To Hell and Back with Hotel Honolulu

21 Oct
Hotel Honolulu

Hotel Honolulu

Last year I was particularly proud of myself for having read 11 books, although I came just shy of reaching my ultimate goal of reading 12 books in 12 months. But for having relocated to a new country during the year, it’s not bad at all. This year has not been as rewarding, either in terms of quantity or quality. Quantity: I just read my second book of the year. Quality: I haven’t liked both books I’ve read this year. This has got to change.

I very much wanted to like “Hotel Honolulu” by Paul Theroux. I asked a friend whose advice on books I value for a recommendation- I specifically said, anything you can recommend is fine, since I’ll just download it on iBooks and read it on my upcoming trip. So he recommended this book which in its print edition is just over 4oo pages, but in its electronic form is over 1000 “pages”. When I saw that length on my blinking iPhone screen, I gasped. Nevertheless, I began reading my first e-book.

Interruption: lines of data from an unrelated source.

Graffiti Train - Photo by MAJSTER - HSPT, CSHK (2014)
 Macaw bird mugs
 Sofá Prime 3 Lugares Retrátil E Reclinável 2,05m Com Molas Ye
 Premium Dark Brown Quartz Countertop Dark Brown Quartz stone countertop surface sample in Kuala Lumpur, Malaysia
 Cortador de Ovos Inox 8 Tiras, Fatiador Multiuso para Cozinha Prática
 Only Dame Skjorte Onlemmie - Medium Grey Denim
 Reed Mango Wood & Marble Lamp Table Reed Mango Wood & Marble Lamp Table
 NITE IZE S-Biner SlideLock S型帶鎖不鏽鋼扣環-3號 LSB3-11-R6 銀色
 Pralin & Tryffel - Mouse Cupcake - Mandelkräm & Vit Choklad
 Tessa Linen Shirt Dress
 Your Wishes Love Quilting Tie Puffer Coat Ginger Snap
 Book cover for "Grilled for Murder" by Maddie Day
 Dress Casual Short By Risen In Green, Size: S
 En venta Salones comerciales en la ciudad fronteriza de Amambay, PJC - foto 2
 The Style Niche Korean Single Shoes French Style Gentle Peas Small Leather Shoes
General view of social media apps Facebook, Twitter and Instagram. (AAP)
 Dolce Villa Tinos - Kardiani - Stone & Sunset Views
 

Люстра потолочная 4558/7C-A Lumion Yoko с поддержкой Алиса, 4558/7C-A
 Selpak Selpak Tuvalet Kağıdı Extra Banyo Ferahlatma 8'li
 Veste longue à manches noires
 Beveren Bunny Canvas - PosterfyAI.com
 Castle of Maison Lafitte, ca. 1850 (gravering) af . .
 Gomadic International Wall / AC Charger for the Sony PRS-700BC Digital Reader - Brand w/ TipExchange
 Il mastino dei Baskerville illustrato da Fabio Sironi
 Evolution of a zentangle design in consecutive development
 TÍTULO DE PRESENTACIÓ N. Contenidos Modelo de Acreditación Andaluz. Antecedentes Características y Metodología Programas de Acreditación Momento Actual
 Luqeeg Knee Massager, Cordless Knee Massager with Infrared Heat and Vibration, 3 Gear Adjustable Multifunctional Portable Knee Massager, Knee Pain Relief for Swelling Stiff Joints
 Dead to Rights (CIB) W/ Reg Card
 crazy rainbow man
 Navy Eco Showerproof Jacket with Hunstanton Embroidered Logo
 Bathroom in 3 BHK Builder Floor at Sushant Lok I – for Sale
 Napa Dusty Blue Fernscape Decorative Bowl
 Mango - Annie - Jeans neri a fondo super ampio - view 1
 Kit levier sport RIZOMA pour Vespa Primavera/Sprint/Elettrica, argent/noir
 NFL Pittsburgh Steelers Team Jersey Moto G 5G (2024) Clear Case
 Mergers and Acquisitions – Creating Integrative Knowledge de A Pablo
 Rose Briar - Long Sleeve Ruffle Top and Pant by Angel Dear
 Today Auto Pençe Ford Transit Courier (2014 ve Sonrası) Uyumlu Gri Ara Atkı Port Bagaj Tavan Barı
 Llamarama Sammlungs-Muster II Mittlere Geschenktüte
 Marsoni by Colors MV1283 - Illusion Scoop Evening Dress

Early on, it became clear to me that the vignette style of the book was not going to hold my attention. The story is narrated by a nameless, successful writer who has fled to Hawaii to remake himself as the manager of the Hotel Honolulu. Reading on the back of the book cover that Paul Theroux splits his time between Cape Cod and Hawaii, I figured the narrator of the book may as well be named Thaul Peroux. But the narrator recedes into the background of the story, as we hear more and more about the people that stay at the hotel, the employees, and mostly, the owner of the hotel who hired our narrator to run the place. With no narrative thread to pull the whole thing together, just stories of people who come and go from the hotel, the reader isn’t given a chance to connect with a character beyond the cipher who narrates the story. For this reason, the book was not a page turner. Rather than turning the page because I was eager to follow the story, I simply pressed on for the sake of it.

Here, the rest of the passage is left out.